著者の冴えない感じ(失礼…!)がいいなぁと思って読んでいたら、最後のほうに、こう書かれていた。

だから、僕の絵本で見てもらいたいポイントは……、「この人、弱い人なんだろうなあ」というのが伝わると本望ですね。そうです、その通りです、僕もできていない、一緒に傷をなめ合いましょうと。そこが伝われば、それは嘘じゃないので。(p.135)

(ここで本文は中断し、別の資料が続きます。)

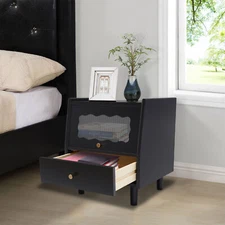 Modern Minimalist Rechargeable Multi-Functional Solid Wood Bedside Nightstands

自分が弱っているときは、「強い人」とはちょっと距離を置きたくなることがある。

強いばかりがいいとは限らない。強ければ強いほどいい、という価値観で世の中が染められていたら窮屈だ。強く見えて脆いこともある。弱くても柔軟で案外長持ちだったりする。両方ある(いる)からそれぞれのよさや面白さがわかったりもする。

お気楽に読んでいると、案外辛辣な側面もでてきて、それがまた面白い。「ヨシタケシンスケの絵本作家にナルニワ国物語」で、「そもそもさ、『絵本作家に向いてる人』ってどんなん?」という疑問に対し、A:子供をよく見ている人 B:子供の頃のことをよく覚えている人 C:今でも子供みたいな人 が出てきて、「BとCの人は、自分が好きなだけの人もいるんじゃないかな。」と書かれている。ちょっとギクッとした。